Pengabdian Masyarakat UNAND dan ITB di Kepulauan Mentawai
- vstory
VoxPop – Eksotika alam dan sosial budaya masyarakat di gugusan Kepulauan Mentawai adalah kilauan permata nusantara yang potensial untuk dikembangkan. Sebagai upaya untuk pengembangan berkelanjutan dari kekayaan Indonesia tersebut, Jurusan Biologi FMIPA Universitas Andalas (UNAND) dan Sekolah Tinggi Ilmu dan Teknologi Hayati Institut Teknologi Bandung (SITH ITB) bersinergi pengabdian kepada masyarakat selama sepekan, yang terpusat di Kecamatan Siberut Selatan, Kabupaten Kepualaun Mentawai.

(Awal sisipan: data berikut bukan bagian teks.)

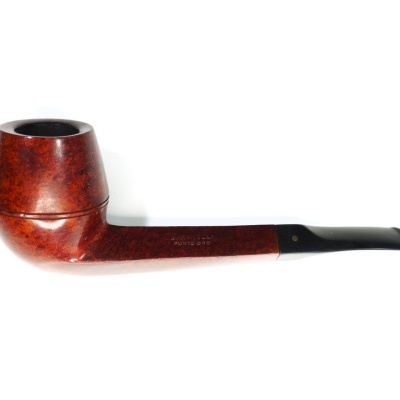 Cachimbo de madeira castanha com bocal preto sobre fundo branco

Kegiatan kolaboratif yang dimulai sejak sejak 9-16 Oktober 2021 ini, mengangkat 14 topik pengabdian meliputi aspek pemberdayaan ekonomi masyarakat desa melalui pelatihan pengolahan produk-produk pangan lokal berbasis sagu dan ikan, edukasi kesehatan dan sanitasi lingkungan, serta pengenalan keanekaragaman hayati dan konservasinya kepada pemuda dan pelajar di Siberut Selatan.
Program-program yang dilakukan mendapat dukungan dana hibah dari Lembaga Penelitian dan Pengabdian Masyarakat (LPPM) UNAND, LPPM ITB, dan FMIPA UNAND. Selain itu, Balai Taman Nasional Siberut juga memberikan dukungan berupa penyediaan akomodasi, transportasi lokal, dan pemandu lapangan. Kegiatan ini juga turut didukung oleh Pemerintah Daerah Kabupaten Kepulauan Mentawai.
![]()
Kegiatan bersama masyarakat tentang pengolahan pangan lokal di Uma (rumah tradisional Kep. Mentawai) di desa Maileppet, Pulau Siberut Selatan, Kepulauan Mentawai (Courtesy: Robby Jannatan)
Kegiatan pemberdayaan masyarakat desa berpusat di Balai Desa Meileppet yang diikuti oleh anggota PKK dan para pemuda dari berbagai desa di Kecamatan Siberut Selatan.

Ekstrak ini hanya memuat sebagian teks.